* _Try it_:
Wherever a picture appears in the data below, omit it, and restate everything else word for word.

* _Collected material_:

'''

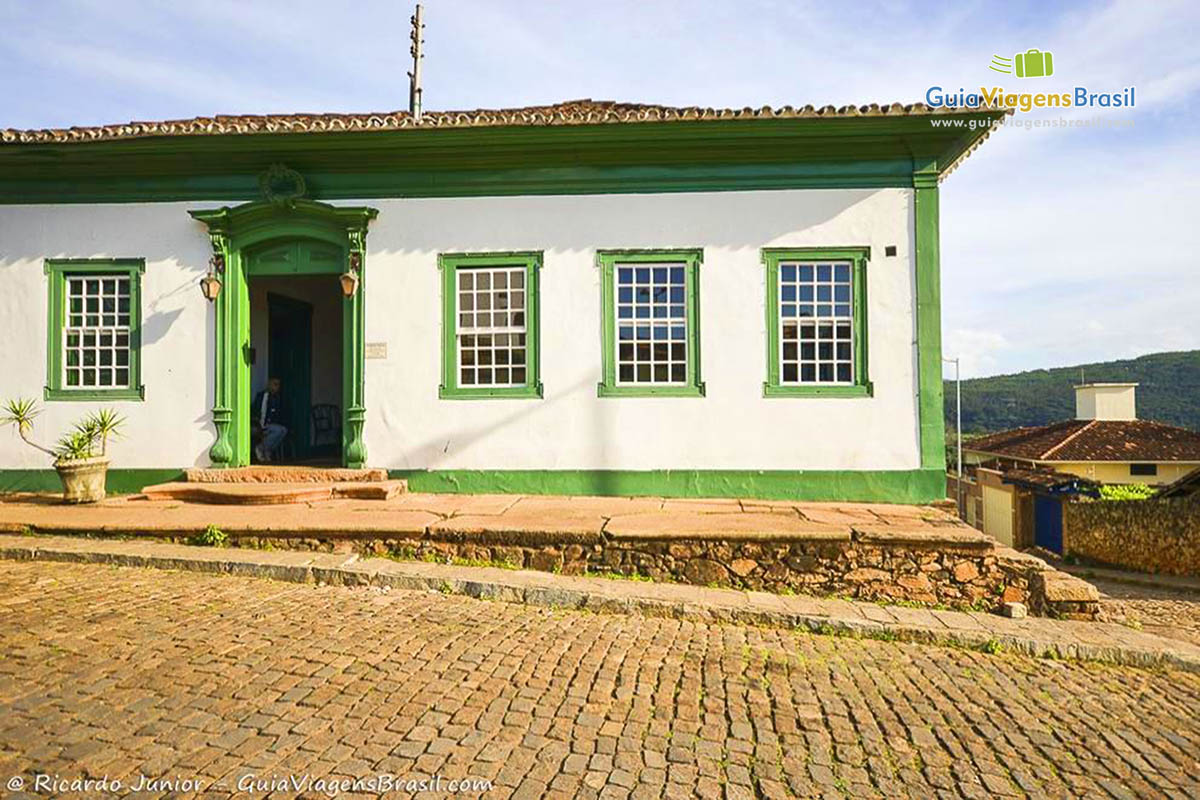 Imagem de um belo casarão histórico em Santa Bárbara.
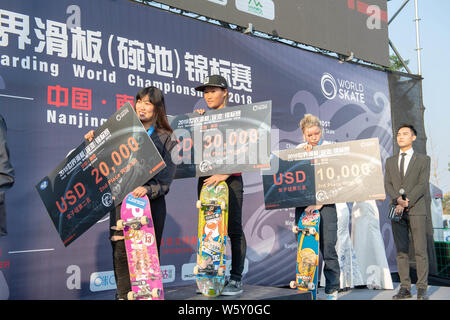 (Da sinistra) prima runner-up Kisa Nakamura del Giappone, vincitore Sakura Yosozumi del Giappone e la seconda runner-up il papavero Starr Olsen di Australia Australia p Foto Stock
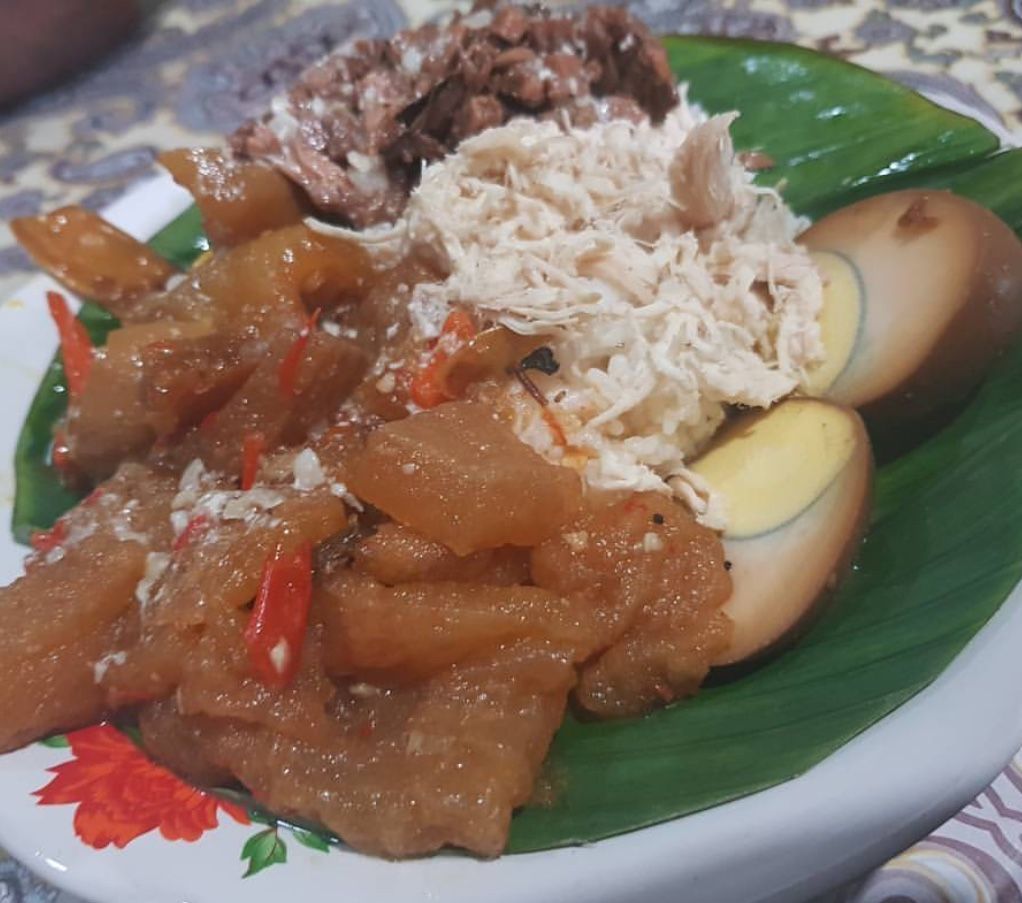 gudeg koyor untuk sarapan, 1. Gudeg Mbah Lindu, 2. Gudeg Yu Djum, 3. Gudeg Mercon Bu Tinah, 4. Gudeg Manggar Bu Jumilan, 5. Gudeg Bu Djuminten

'''

* _Solution_:
 Imagem de um belo casarão histórico em Santa Bárbara.
 (Da sinistra) prima runner-up Kisa Nakamura del Giappone, vincitore Sakura Yosozumi del Giappone e la seconda runner-up il papavero Starr Olsen di Australia Australia p Foto Stock
 gudeg koyor untuk sarapan, 1. Gudeg Mbah Lindu, 2. Gudeg Yu Djum, 3. Gudeg Mercon Bu Tinah, 4. Gudeg Manggar Bu Jumilan, 5. Gudeg Bu Djuminten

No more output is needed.